# [PROBLEM DETAILS]
Print verbatim the lines from the beginning of the entries through the line containing "6056 - A Night", both ends included. Pictures should be left out.

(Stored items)
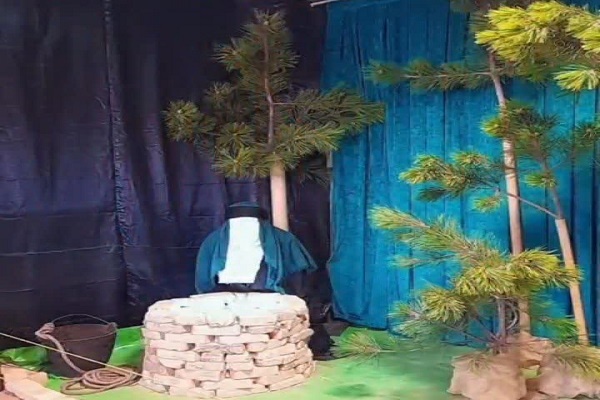 برپایی نمایشگاه یاس کبود در مدرسه علمیه مشگینشهر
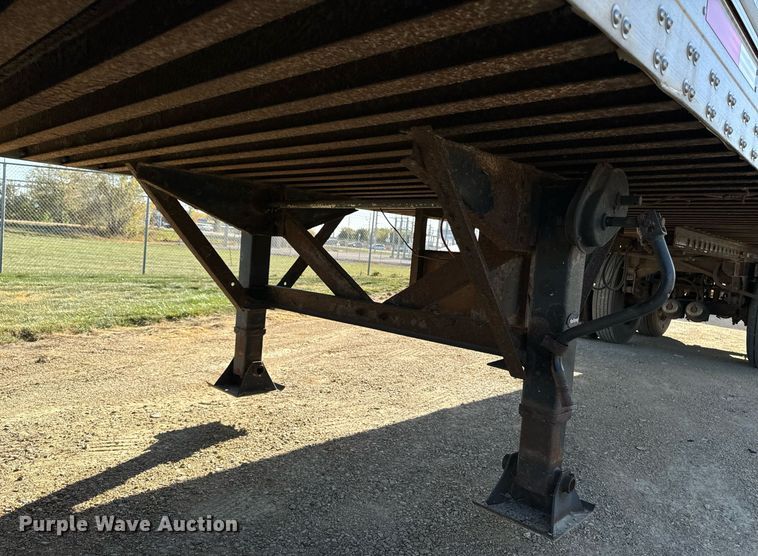 image for item DW2346 1992 Fruehauf FB8-NT2-45N dry van trailer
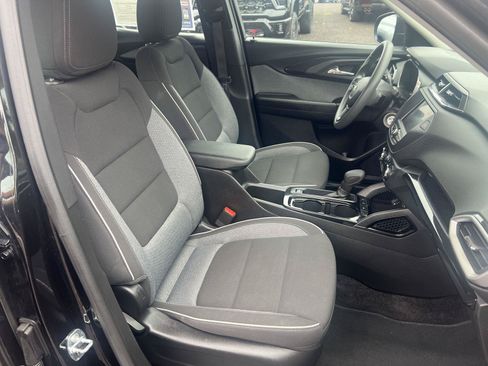 Used 2023 Chevrolet TrailBlazer LS FWD image 16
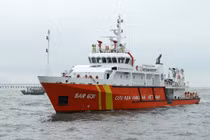 Khen thưởng tập thể, cá nhân cứu hộ 11 thuyền viên trên biển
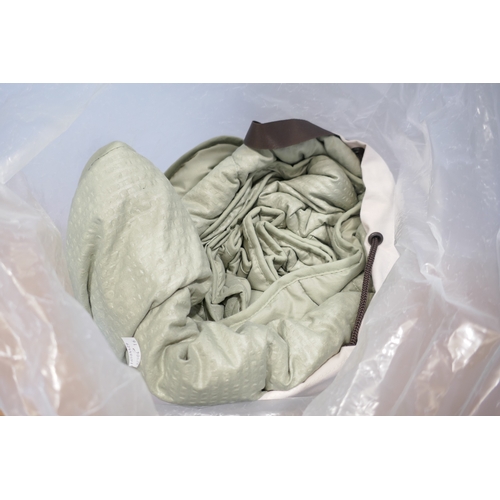 6056 - A Night Lark coverless duvet (516584429-16) *This lot is subject to VAT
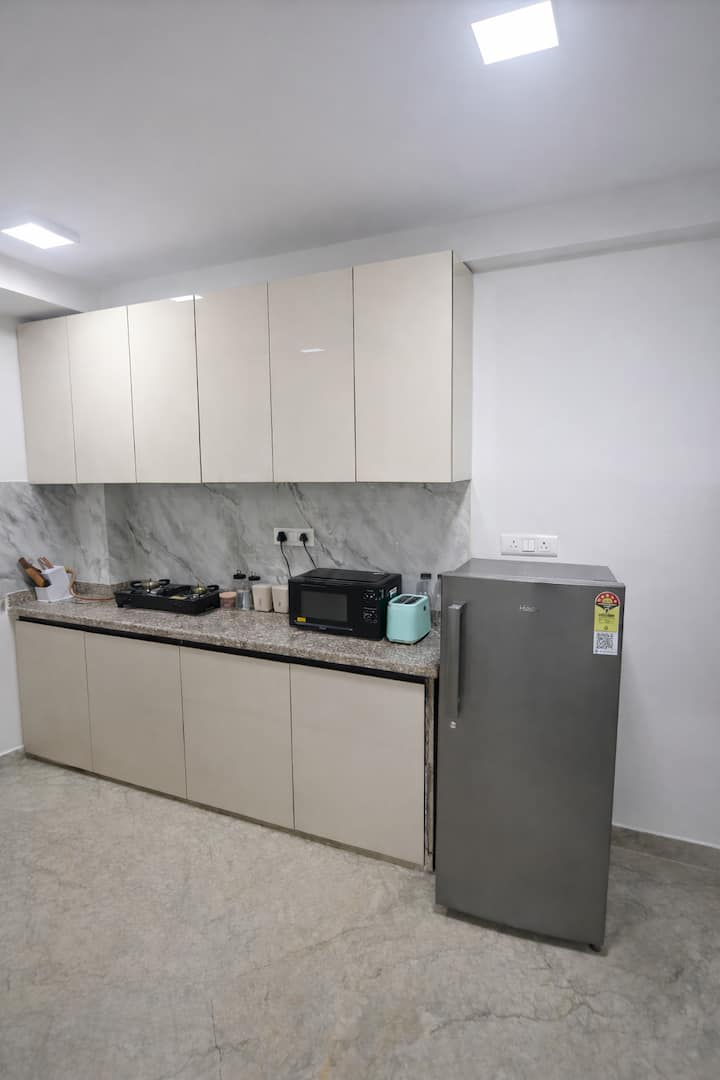 Serene South Delhi Studio | Ac & Backup | 0 Stairs - New Delhi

# [SOLVED EXERCISE]
 برپایی نمایشگاه یاس کبود در مدرسه علمیه مشگینشهر
 image for item DW2346 1992 Fruehauf FB8-NT2-45N dry van trailer
 Used 2023 Chevrolet TrailBlazer LS FWD image 16
 Khen thưởng tập thể, cá nhân cứu hộ 11 thuyền viên trên biển
 6056 - A Night Lark coverless duvet (516584429-16) *This lot is subject to VAT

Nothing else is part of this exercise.